Using the material below, print a verbatim copy of every line from the one containing "Силиконов калъф /" through the one containing "Автоматический выключатель CHINT", inclusive, and omit the pictures.
*** MATERIALS PROVIDED ***
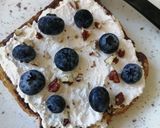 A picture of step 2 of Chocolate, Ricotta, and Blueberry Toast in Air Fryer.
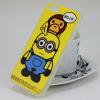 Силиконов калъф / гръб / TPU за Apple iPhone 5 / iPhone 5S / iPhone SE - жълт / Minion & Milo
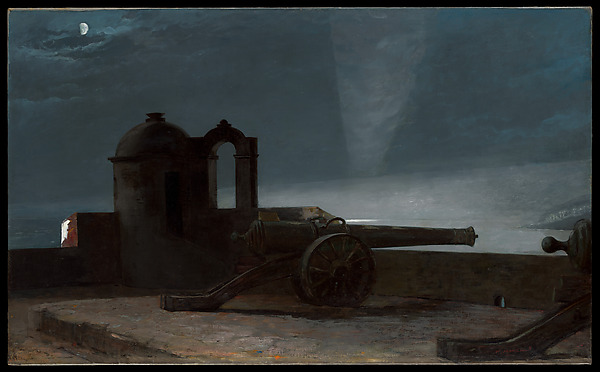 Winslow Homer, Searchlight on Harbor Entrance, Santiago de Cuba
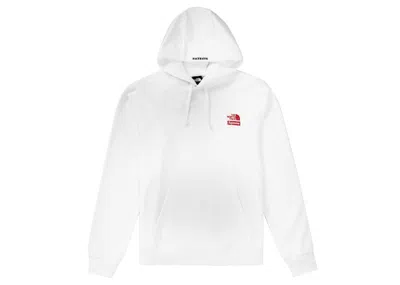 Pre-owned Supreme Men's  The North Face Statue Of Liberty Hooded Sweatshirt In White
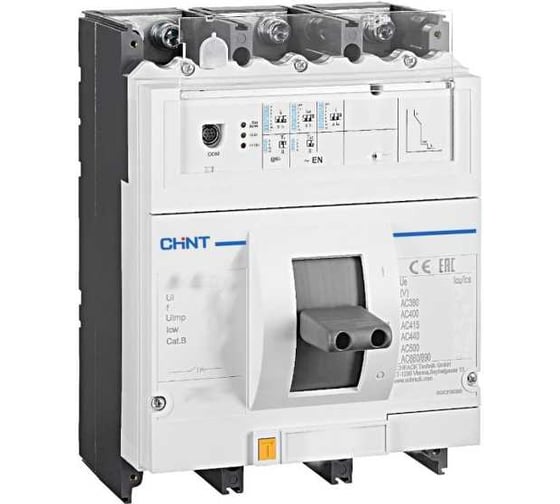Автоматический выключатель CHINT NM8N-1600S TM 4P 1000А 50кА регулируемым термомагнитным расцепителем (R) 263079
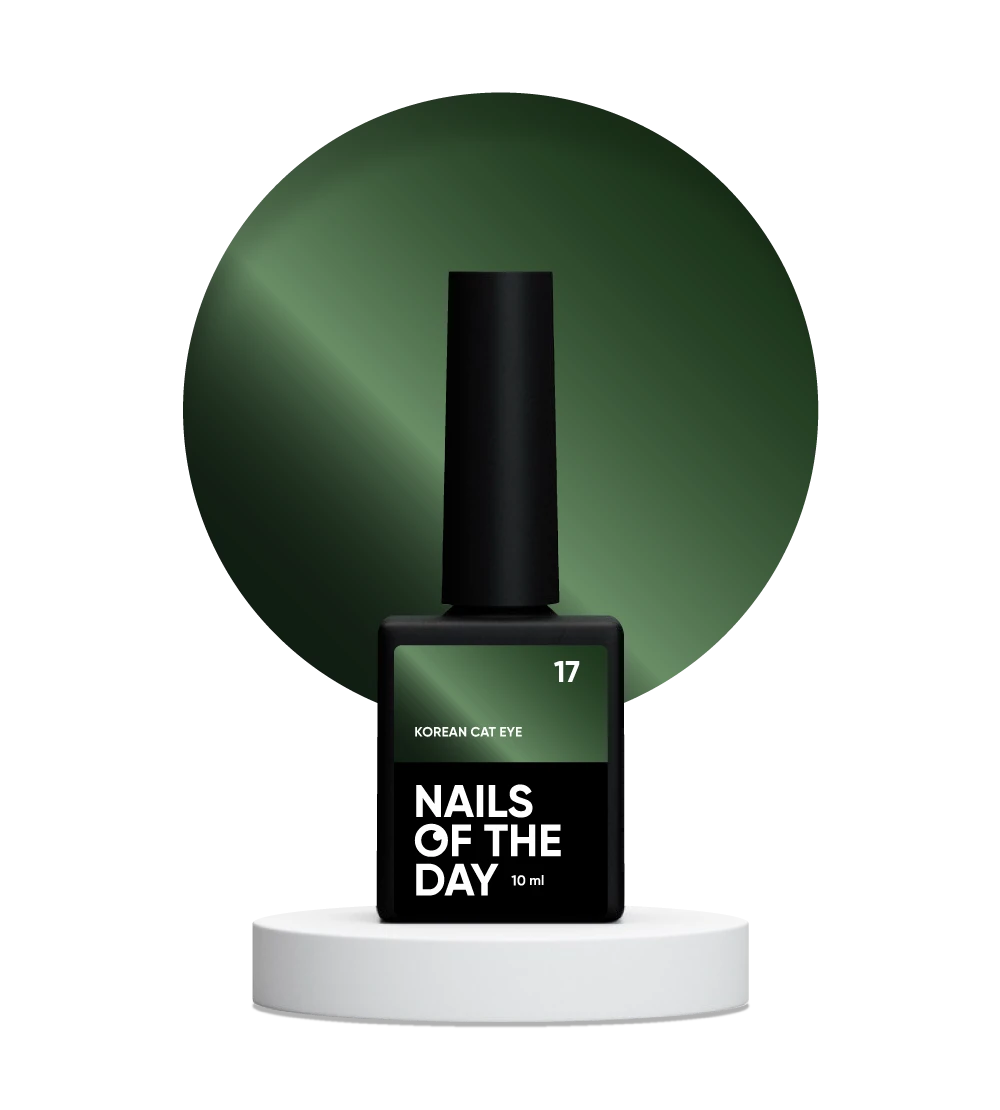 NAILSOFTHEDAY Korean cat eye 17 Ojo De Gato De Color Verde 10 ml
*** End of MATERIALS PROVIDED ***
REPLY TO THE TASK —
 Силиконов калъф / гръб / TPU за Apple iPhone 5 / iPhone 5S / iPhone SE - жълт / Minion & Milo
 Winslow Homer, Searchlight on Harbor Entrance, Santiago de Cuba
 Pre-owned Supreme Men's  The North Face Statue Of Liberty Hooded Sweatshirt In White
Автоматический выключатель CHINT NM8N-1600S TM 4P 1000А 50кА регулируемым термомагнитным расцепителем (R) 263079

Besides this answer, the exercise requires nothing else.